### Required work
Reproduce, exactly and in full, only the lines below from the one containing "Iraqi protesters carry" through the one containing "a woman's hand with henna tattoos on it".

### Exercise inputs
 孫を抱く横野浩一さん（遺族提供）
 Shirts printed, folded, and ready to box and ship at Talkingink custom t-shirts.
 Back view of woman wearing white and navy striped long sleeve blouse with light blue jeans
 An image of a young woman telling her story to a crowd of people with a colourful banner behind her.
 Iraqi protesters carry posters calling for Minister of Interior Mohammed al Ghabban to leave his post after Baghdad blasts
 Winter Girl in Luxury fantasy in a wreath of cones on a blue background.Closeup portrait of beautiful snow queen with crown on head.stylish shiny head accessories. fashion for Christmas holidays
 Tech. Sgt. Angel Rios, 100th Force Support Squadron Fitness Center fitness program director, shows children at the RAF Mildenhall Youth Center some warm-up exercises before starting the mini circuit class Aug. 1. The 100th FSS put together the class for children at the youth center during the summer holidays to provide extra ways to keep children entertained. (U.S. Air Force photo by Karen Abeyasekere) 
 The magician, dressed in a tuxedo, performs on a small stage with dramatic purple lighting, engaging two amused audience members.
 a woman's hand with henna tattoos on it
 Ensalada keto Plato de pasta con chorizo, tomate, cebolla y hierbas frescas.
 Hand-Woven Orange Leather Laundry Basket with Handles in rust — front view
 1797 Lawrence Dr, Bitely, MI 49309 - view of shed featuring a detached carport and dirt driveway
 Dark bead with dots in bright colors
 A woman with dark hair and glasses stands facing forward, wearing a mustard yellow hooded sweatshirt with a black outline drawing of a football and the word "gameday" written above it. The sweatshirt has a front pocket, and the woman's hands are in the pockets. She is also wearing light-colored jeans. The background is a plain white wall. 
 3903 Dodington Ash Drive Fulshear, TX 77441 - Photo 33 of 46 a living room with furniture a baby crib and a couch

### Final answer
 Iraqi protesters carry posters calling for Minister of Interior Mohammed al Ghabban to leave his post after Baghdad blasts
 Winter Girl in Luxury fantasy in a wreath of cones on a blue background.Closeup portrait of beautiful snow queen with crown on head.stylish shiny head accessories. fashion for Christmas holidays
 Tech. Sgt. Angel Rios, 100th Force Support Squadron Fitness Center fitness program director, shows children at the RAF Mildenhall Youth Center some warm-up exercises before starting the mini circuit class Aug. 1. The 100th FSS put together the class for children at the youth center during the summer holidays to provide extra ways to keep children entertained. (U.S. Air Force photo by Karen Abeyasekere) 
 The magician, dressed in a tuxedo, performs on a small stage with dramatic purple lighting, engaging two amused audience members.
 a woman's hand with henna tattoos on it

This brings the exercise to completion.